<<<<

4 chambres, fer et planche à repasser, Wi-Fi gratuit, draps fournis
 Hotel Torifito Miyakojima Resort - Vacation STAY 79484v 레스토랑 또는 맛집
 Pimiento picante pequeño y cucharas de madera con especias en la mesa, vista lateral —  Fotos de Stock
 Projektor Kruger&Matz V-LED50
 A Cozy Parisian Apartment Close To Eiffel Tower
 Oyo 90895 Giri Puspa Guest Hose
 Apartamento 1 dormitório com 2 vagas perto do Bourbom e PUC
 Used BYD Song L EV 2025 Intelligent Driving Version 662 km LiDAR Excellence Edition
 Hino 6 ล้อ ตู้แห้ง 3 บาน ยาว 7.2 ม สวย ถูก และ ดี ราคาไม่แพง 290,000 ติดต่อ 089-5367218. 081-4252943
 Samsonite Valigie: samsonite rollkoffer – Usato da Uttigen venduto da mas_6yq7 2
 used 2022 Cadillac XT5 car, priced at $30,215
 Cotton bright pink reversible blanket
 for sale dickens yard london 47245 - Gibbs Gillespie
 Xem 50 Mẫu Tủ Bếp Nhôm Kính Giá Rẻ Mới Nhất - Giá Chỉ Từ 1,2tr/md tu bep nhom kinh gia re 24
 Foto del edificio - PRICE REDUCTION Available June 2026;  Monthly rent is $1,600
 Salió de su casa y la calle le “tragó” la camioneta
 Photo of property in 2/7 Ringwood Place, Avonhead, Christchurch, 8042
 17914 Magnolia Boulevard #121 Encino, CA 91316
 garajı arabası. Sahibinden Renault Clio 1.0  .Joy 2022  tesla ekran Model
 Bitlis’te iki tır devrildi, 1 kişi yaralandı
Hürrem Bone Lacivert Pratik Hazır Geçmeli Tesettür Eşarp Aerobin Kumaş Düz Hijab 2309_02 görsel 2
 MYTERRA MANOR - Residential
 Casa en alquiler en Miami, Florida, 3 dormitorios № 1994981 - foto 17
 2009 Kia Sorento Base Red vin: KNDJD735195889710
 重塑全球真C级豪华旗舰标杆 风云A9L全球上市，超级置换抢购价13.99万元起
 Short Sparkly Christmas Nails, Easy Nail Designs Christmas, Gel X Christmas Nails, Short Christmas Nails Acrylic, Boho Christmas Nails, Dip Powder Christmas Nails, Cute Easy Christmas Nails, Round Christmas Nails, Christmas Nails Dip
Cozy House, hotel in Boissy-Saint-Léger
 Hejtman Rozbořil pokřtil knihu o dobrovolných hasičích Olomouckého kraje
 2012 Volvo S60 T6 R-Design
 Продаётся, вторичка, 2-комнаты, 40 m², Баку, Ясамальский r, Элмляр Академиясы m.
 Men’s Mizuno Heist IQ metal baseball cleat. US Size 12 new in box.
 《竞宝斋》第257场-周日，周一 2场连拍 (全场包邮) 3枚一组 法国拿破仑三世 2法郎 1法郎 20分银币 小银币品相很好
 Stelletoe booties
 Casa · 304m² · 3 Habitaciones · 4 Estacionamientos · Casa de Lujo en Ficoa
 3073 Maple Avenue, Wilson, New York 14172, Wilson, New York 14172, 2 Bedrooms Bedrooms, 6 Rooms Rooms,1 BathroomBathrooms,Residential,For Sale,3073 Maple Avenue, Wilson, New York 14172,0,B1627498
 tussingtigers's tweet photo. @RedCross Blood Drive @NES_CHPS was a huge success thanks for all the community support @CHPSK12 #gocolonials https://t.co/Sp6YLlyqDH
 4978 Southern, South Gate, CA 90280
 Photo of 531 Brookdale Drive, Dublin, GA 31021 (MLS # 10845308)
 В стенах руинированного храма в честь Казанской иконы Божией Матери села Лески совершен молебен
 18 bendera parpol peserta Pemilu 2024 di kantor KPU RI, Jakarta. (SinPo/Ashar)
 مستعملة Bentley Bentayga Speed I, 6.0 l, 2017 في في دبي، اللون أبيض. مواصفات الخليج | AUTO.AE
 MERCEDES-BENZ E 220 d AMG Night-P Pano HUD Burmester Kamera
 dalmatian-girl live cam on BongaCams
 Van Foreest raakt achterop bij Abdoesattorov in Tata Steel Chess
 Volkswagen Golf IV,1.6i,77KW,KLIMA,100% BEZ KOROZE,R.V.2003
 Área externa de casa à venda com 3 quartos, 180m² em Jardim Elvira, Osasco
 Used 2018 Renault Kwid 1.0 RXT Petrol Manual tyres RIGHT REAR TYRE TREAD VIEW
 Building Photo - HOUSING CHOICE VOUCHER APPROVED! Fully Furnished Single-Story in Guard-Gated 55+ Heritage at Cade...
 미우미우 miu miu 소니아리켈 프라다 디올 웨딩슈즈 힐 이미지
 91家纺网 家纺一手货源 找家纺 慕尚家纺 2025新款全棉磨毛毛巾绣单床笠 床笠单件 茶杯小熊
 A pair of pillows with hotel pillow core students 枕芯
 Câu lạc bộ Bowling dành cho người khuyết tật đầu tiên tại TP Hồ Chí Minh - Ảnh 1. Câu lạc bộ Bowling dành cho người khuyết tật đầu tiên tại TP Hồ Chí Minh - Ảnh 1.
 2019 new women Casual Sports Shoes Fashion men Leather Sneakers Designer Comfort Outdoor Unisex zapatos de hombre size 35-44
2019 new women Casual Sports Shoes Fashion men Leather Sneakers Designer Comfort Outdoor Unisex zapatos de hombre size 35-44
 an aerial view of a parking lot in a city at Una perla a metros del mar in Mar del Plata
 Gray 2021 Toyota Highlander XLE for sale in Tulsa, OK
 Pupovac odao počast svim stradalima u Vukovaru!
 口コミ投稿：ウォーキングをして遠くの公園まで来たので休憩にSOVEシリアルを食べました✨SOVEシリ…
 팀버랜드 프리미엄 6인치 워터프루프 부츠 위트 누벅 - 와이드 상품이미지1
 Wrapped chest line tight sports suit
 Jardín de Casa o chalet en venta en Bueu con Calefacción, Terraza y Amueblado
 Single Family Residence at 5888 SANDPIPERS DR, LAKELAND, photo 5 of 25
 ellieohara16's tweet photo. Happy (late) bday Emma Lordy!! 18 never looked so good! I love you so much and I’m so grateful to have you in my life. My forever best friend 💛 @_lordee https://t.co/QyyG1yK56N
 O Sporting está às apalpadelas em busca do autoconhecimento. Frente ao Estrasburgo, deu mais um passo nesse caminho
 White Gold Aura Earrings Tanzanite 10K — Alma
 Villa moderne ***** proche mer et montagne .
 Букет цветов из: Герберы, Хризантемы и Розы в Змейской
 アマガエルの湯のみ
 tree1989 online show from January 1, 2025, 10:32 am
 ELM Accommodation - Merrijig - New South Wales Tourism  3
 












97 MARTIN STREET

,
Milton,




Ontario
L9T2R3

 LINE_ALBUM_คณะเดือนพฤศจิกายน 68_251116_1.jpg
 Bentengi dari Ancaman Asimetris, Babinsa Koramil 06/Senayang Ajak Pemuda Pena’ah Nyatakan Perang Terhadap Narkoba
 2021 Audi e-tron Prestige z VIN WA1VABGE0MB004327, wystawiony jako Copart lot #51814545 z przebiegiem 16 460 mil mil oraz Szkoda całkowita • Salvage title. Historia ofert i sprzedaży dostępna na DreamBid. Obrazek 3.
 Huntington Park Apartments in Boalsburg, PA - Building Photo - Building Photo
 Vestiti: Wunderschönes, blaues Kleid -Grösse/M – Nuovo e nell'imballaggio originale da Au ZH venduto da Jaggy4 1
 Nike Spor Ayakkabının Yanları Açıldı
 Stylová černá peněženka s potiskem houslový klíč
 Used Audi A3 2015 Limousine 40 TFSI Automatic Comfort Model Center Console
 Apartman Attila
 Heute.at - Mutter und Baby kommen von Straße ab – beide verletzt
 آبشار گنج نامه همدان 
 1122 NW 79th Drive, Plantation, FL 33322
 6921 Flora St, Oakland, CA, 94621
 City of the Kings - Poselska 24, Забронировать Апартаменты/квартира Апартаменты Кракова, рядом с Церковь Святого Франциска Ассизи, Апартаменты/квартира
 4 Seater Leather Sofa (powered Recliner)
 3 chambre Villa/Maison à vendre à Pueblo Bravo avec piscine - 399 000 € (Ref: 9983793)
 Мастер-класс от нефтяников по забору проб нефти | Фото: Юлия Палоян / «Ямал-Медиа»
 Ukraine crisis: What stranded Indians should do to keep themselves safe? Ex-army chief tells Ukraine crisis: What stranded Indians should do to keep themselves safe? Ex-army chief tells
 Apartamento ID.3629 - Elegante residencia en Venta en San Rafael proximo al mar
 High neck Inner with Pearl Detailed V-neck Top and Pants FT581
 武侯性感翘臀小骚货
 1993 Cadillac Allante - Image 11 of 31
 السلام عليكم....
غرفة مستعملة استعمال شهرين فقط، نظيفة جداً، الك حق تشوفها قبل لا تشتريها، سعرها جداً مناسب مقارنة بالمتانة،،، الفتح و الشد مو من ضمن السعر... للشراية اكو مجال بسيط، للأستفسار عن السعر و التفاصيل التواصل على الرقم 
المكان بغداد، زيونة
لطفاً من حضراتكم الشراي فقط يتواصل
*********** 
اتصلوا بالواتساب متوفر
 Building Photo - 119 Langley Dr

>>>>

The response must consist solely of the lines from the top of the records through the line holding "Short Sparkly Christmas", copied word for word.

4 chambres, fer et planche à repasser, Wi-Fi gratuit, draps fournis
 Hotel Torifito Miyakojima Resort - Vacation STAY 79484v 레스토랑 또는 맛집
 Pimiento picante pequeño y cucharas de madera con especias en la mesa, vista lateral —  Fotos de Stock
 Projektor Kruger&Matz V-LED50
 A Cozy Parisian Apartment Close To Eiffel Tower
 Oyo 90895 Giri Puspa Guest Hose
 Apartamento 1 dormitório com 2 vagas perto do Bourbom e PUC
 Used BYD Song L EV 2025 Intelligent Driving Version 662 km LiDAR Excellence Edition
 Hino 6 ล้อ ตู้แห้ง 3 บาน ยาว 7.2 ม สวย ถูก และ ดี ราคาไม่แพง 290,000 ติดต่อ 089-5367218. 081-4252943
 Samsonite Valigie: samsonite rollkoffer – Usato da Uttigen venduto da mas_6yq7 2
 used 2022 Cadillac XT5 car, priced at $30,215
 Cotton bright pink reversible blanket
 for sale dickens yard london 47245 - Gibbs Gillespie
 Xem 50 Mẫu Tủ Bếp Nhôm Kính Giá Rẻ Mới Nhất - Giá Chỉ Từ 1,2tr/md tu bep nhom kinh gia re 24
 Foto del edificio - PRICE REDUCTION Available June 2026;  Monthly rent is $1,600
 Salió de su casa y la calle le “tragó” la camioneta
 Photo of property in 2/7 Ringwood Place, Avonhead, Christchurch, 8042
 17914 Magnolia Boulevard #121 Encino, CA 91316
 garajı arabası. Sahibinden Renault Clio 1.0  .Joy 2022  tesla ekran Model
 Bitlis’te iki tır devrildi, 1 kişi yaralandı
Hürrem Bone Lacivert Pratik Hazır Geçmeli Tesettür Eşarp Aerobin Kumaş Düz Hijab 2309_02 görsel 2
 MYTERRA MANOR - Residential
 Casa en alquiler en Miami, Florida, 3 dormitorios № 1994981 - foto 17
 2009 Kia Sorento Base Red vin: KNDJD735195889710
 重塑全球真C级豪华旗舰标杆 风云A9L全球上市，超级置换抢购价13.99万元起
 Short Sparkly Christmas Nails, Easy Nail Designs Christmas, Gel X Christmas Nails, Short Christmas Nails Acrylic, Boho Christmas Nails, Dip Powder Christmas Nails, Cute Easy Christmas Nails, Round Christmas Nails, Christmas Nails Dip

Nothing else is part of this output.